* WHAT NEEDS TO BE DONE: Your copy should match the entries exactly, except that it holds no pictures.

[Entries taken from a collection]

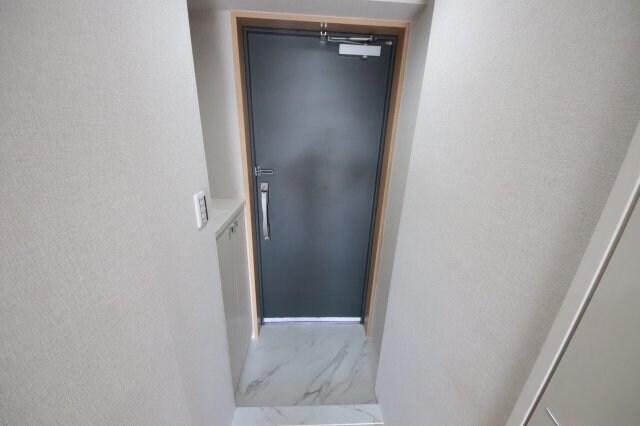 物件内観写真23　(きれいな玄関です)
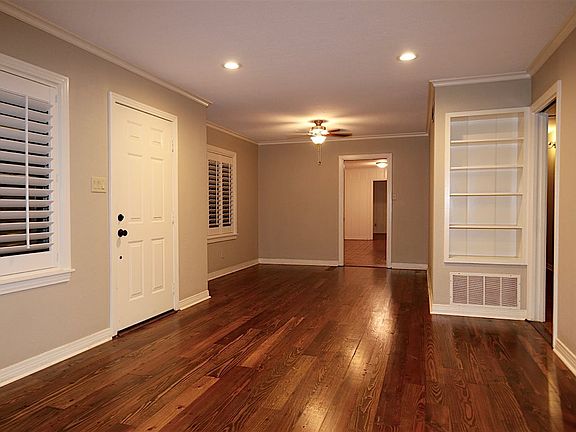 3rd image of 1006 Lincoln Dr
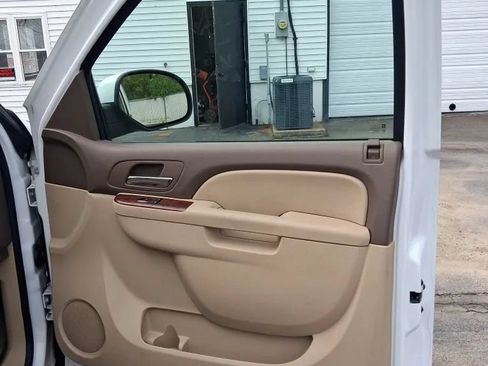 Used 2010 GMC Yukon XL SLE w/ SLE-2 Equipment Package RWD image 29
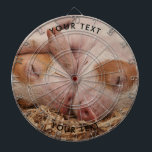 Aangepast varkensfoto-dartbord dartbord<br><div class="desc">Aangepaste varkensstapelende fotokleerkaart.</div>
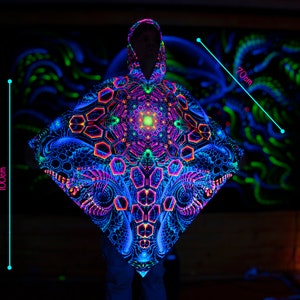 Magic PONCHO Rising Energy warm festival wear, Blacklight UV reactive cape, fractal Trippy Psytrance mantle, neon mandala, fractal poncho zdjęcie 9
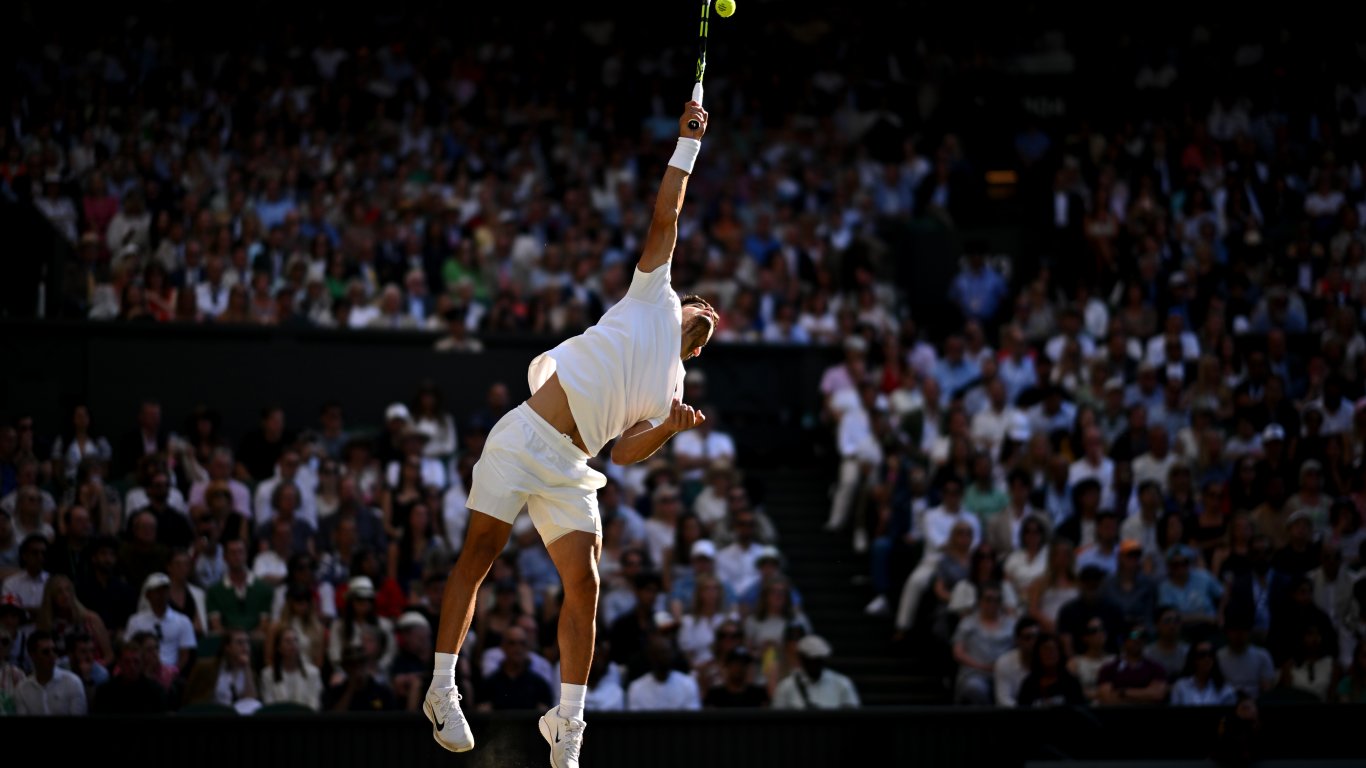 Алкарас набързо уби домакинските надежди. Светкавична победа го прати на полуфинал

* SOLUTION TO THE EXERCISE:
 物件内観写真23　(きれいな玄関です)
 3rd image of 1006 Lincoln Dr
 Used 2010 GMC Yukon XL SLE w/ SLE-2 Equipment Package RWD image 29
 Aangepast varkensfoto-dartbord dartbord<br><div class="desc">Aangepaste varkensstapelende fotokleerkaart.</div>
 Magic PONCHO Rising Energy warm festival wear, Blacklight UV reactive cape, fractal Trippy Psytrance mantle, neon mandala, fractal poncho zdjęcie 9
 Алкарас набързо уби домакинските надежди. Светкавична победа го прати на полуфинал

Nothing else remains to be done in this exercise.